By Michael McEnaney
While package and prototype printing can certainly pave the way to becoming a full-service print provider and produce added profits, entering this space also presents challenges. Hardware decisions are always important, however this specific printing realm also brings with it vital software decisions.
Among the considerations when selecting the correct packaging software suite are making sure it provides the right design elements, color management and proofing tools, as well as ensuring optimum media usage.
Once you give the checklist a good going over, the opportunities in this space are undeniable.
“There is profit to be made in package printing,” begins Bill Emery, founder, Billy the Printer, based in Levittown, NY. “It’s another opportunity for sure and you’re offering design right through to fulfillment. A lot of the machines can also be used for everything from signs to banners.”
But Emery agrees that the right software suite is key, saying, “the workflow here can be complex so you really need this process to be streamlined.”

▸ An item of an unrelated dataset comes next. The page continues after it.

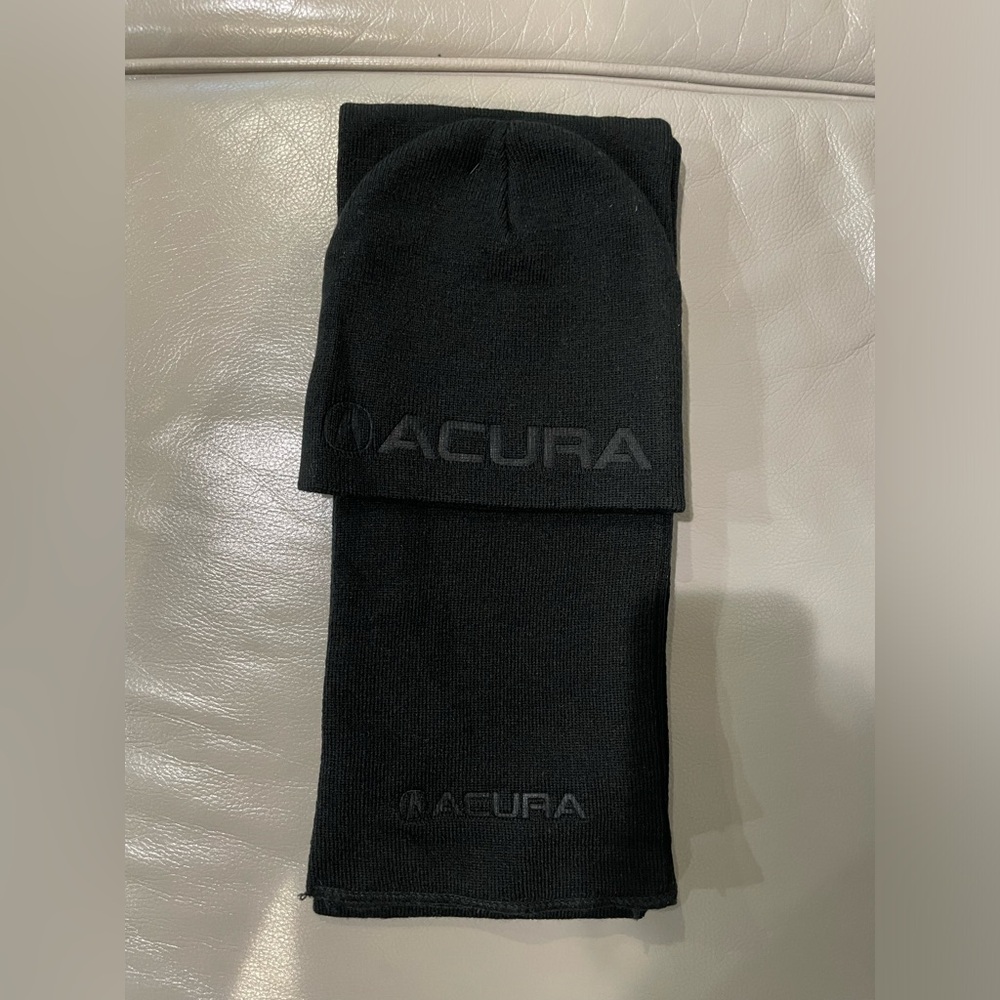 Brand New Official Acura Scarf and Hat Set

Most print observers agree with Emery, sharing that while there are some similarities between packaging and signs and displays—notably the inclusion of structure—the creation of packaging is much different.
“There is structure that must be built into most packaging. There are requirements—UPC codes or ingredients—that must be accurate,” begins Bill Hartman, business development, digital finishing, Esko. “The presentation of three-dimensional (3D) virtual proofs—becoming much more common—is different from sending a PDF file of a brochure. The brand owner can spin the package around and see it from all angles before an expensive prototype is produced.”

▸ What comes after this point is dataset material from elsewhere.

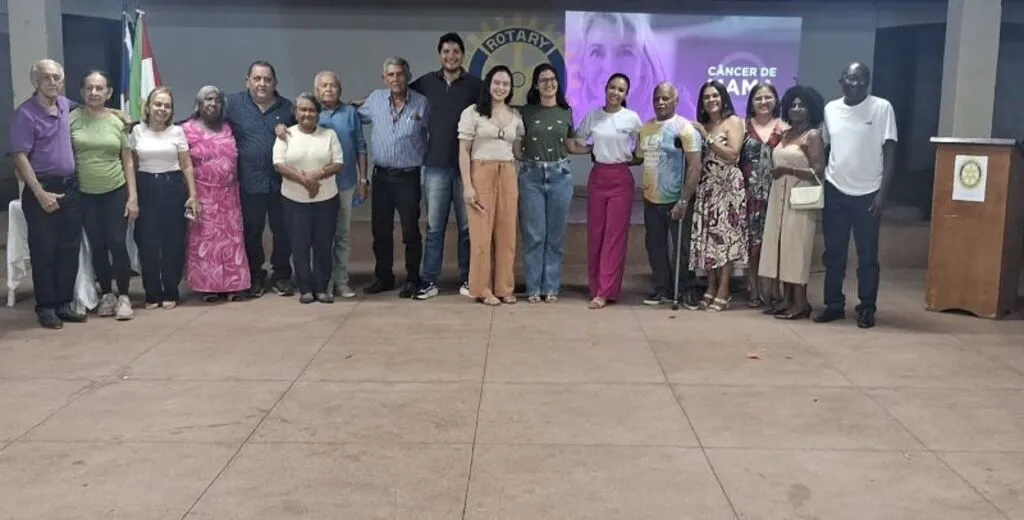 Rotary Club de Codó promove vacinação e palestra sobre prevenção ao câncer de mama em dia de ações pela saúde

Mark Gallucci, technology marketing manager, Agfa Graphics, agrees that profit potential exists in the packaging space for both traditional and wide format print providers, but also warns that the challenges are real and unique. An instrumental part of the equation for success is finding the right mix of professional expertise and specialized packaging software.
“Creative design programs, layout tools, and production workflow software all need to meet the unique requirements of package design and production,” shares Gallucci. “Packaging work is among the most color critical in the industry. Matching corporate and brand colors is essential, as is the ability to accurately reproduce spot colors.”
For print service providers (PSPs) thinking about entering into labels, cartons, and point of purchase applications, finishing is also an integral part of the initial design. “Die cuts, perforations, creases, milling, and routing may all be part of the artwork and require specialized tools to create and produce,” adds Gallucci.
Dan Bussey, product marketing specialist, MultiCam, Inc., feels the right software suite makes the decision to enter packaging less challenging.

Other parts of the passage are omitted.